Polonius is attempting to help King Claudius, Hamlet's uncle and step-father, ascertain the cause of Hamlet's strange behavior. Though Hamlet's behavior changed with the death of his father and the very quick remarriage of his mother to his uncle, his oddness has deepened in ways that seem inexplicable. They worry that he is going "mad."
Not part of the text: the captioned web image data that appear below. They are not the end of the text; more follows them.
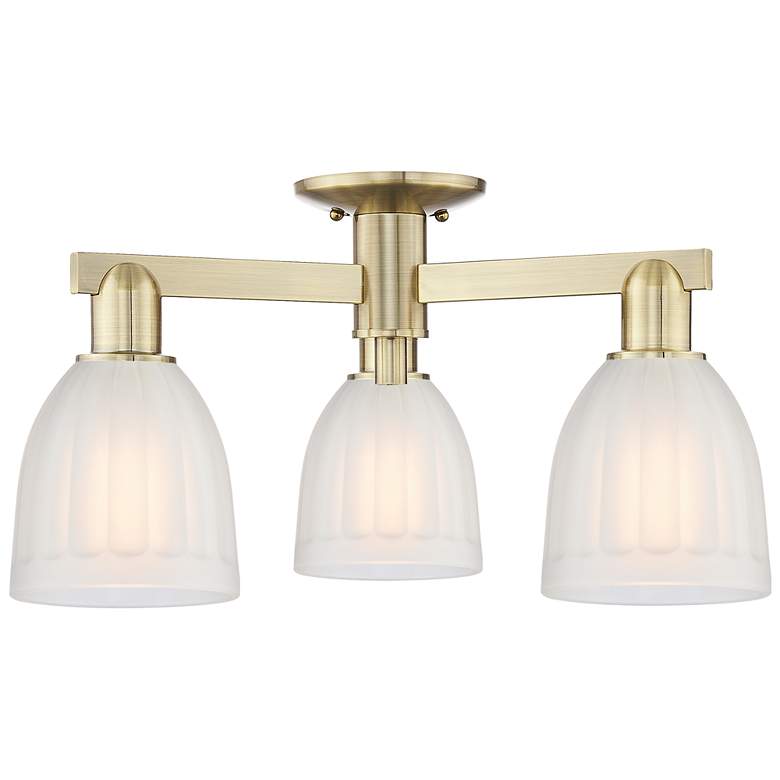 Image 1 Arcadia Brookfield 23"W 3 Light Brass Semi-Flush With White Shade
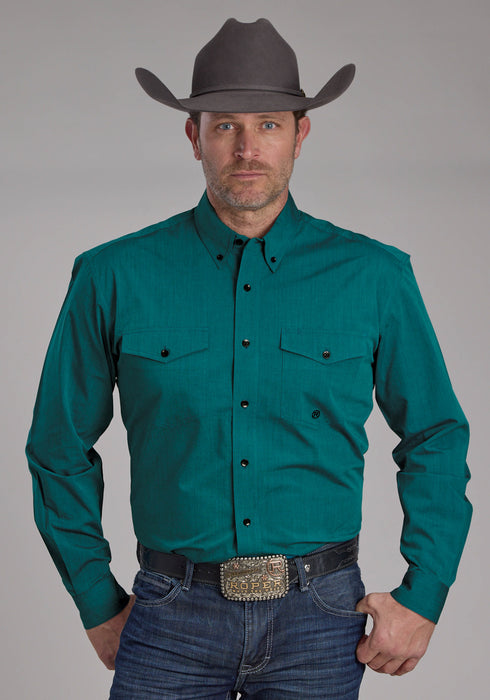 Roper Mens 2249 Black Fill Teal 100% Cotton Btn L/S Shirt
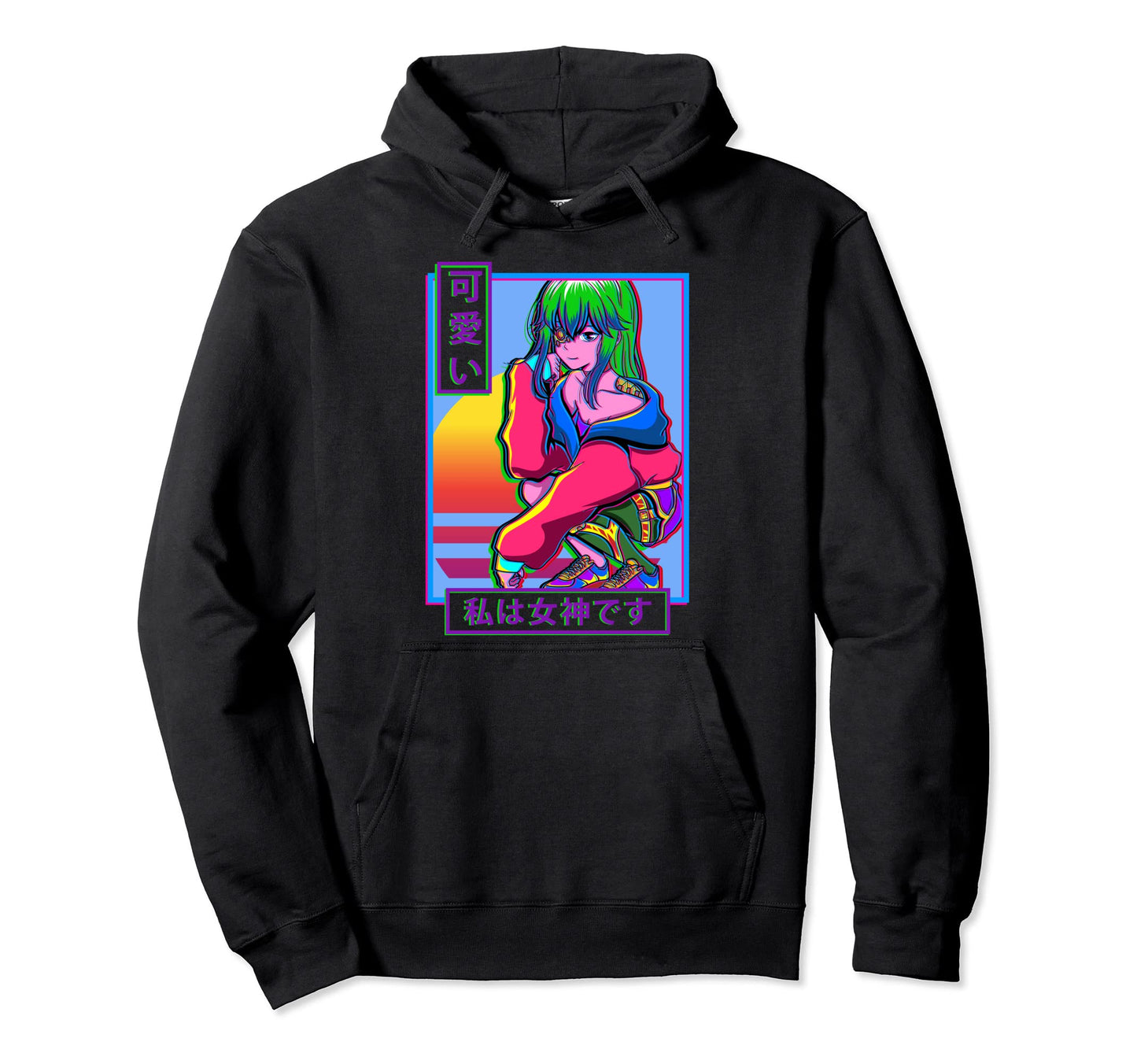 Sad Anime Japanese Kanji Vaporwave Hoodie - Streetwear Style for Adults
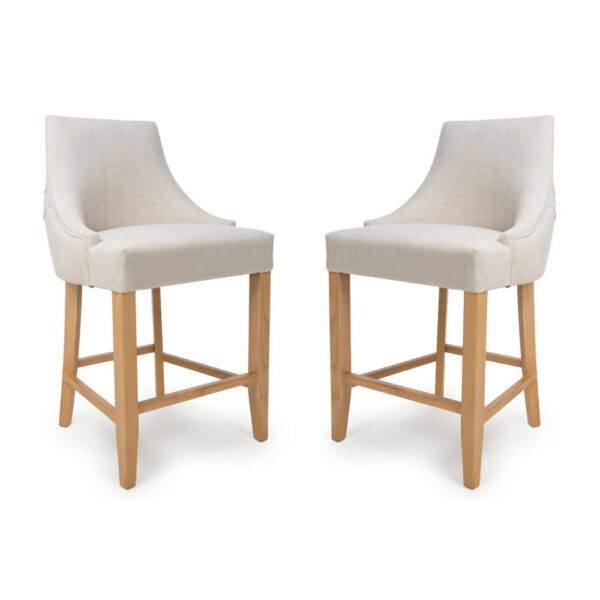 Clifton Linen Fabric Counter Bar Chairs With Oak Legs In Pair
To get to the bottom of this, Polonius and Claudius stage a scene where they can observe an interaction between Hamlet and Polonius's daughter, Ophelia, who used to be in a relationship with Hamlet until Polonius made her break it off. Polonius believes, having heard the two speak together, that "The origin and commencement of his grief / Sprung from neglected love" (3.1.191-192). In an effort to get Hamlet to reveal the cause of his grief, Polonius suggests that they "Let his queen-mother all alone entreat him" to open up to her (3.1.196). He says,
Let her be round with him;
And I'll be placed, so please you, in the ear,
Of all their conference. (3.1.177-179)
Polonius volunteers to hide himself in the room so that he can hear everything that Hamlet says and report it faithfully back to Claudius. He elaborates on this a bit more, later, when he says,
'Tis meet that some more audience than a mother,
Since nature makes them partial, should o'erhear
The speech of vantage. (3.3.34-36)
In other words, since mothers are partial to their children, Gertrude might be naturally inclined to report the conversation to her husband somewhat less faithfully than one who sees Hamlet more objectively. Polonius doesn't imply that she would have any intention to deceive, but, rather, that she would inherently want to protect her son and keep his confidence.